Dieser Einlassung vermag das Schwurgericht nur insoweit zu folgen, als Matthes angibt, er sei von mehreren Häftlingen geschlagen und von einem anderen Häftling mit einem Messer verletzt worden. Das dies grundlos geschehen sein soll, kann man sich allerdings nicht vorstellen, denn die Häftlinge werden sich nur dann zu Tätlichkeiten gegenüber dem Chef des oberen Lagers, dem Herrn über Leben und Tod in diesem Lagerteil, haben hinreißen lassen, wenn sie durch besondere Schikanen aufs äußerste gereizt waren. Nur dann riskiert man sein Leben durch den Angriff auf einen Mann, der einem im nächsten Augenblick den Tod bereiten kann. Es ist auch durchaus wahrscheinlich, dass Matthes den Attentäter, der ihn mit dem Messer verletzt hatte, an Ort und Stelle schwer bestrafte oder sogar tötete. Matthes war ja nur leicht verletzt und konnte derartige Vergeltungsmassnahmen noch selbst anordnen. Wenn Matthes solche Maßnahmen nicht mehr selbst durchgeführt haben sollte, dann spricht vieles dafür, dass sein Vertreter Pitzinger und andere SS-Männer Rache an dem Attentäter und möglicherweise auch zur Abschreckung an unbeteiligten Häftlingen übten. Indessen lässt sich das nur vermuten, sichere Feststellungen vermag das Schwurgericht in diesem Punkt nicht zu treffen.
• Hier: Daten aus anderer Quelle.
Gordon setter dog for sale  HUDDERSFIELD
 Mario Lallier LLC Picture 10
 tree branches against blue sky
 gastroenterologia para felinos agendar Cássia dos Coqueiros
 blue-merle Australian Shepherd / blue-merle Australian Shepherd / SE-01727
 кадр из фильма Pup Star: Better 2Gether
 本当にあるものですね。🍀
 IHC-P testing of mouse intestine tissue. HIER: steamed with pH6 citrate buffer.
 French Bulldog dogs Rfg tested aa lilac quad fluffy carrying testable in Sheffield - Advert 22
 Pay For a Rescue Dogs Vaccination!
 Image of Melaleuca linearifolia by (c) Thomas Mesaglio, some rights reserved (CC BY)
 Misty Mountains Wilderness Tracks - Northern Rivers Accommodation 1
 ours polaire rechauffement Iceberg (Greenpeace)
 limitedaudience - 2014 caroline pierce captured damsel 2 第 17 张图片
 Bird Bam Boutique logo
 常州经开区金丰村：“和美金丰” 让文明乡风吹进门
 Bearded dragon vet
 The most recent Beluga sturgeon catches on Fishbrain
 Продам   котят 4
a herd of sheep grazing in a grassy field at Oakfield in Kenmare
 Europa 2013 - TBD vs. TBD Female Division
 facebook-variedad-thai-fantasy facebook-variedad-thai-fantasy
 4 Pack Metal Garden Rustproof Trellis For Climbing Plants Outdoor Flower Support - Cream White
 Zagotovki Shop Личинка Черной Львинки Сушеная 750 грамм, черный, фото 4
Der zu diesem Fragenkomplex uneidlich vernommene, 55 Jahre alte Eisenbahner Gol. aus Petach Tikwa in Israel hat zwar angegeben, Matthes und Münzberger hätten nach dem Attentat 70 Männer herausgesucht, sie zu einer Leichengrube geführt und dort erschossen. An der Zuverlässigkeit dieser Zeugenaussage bestehen freilich erhebliche Zweifel. Zwar ist das Schwurgericht davon überzeugt, dass der Zeuge Gol. in Treblinka Furchtbares mitgemacht hat und dass seine Angaben zum allgemeinen Lagergeschehen objektiv richtig sind. Bemerkenswert ist auch der Umstand, dass der Zeuge den Angeklagten Matthes sogleich wiedererkannt hat.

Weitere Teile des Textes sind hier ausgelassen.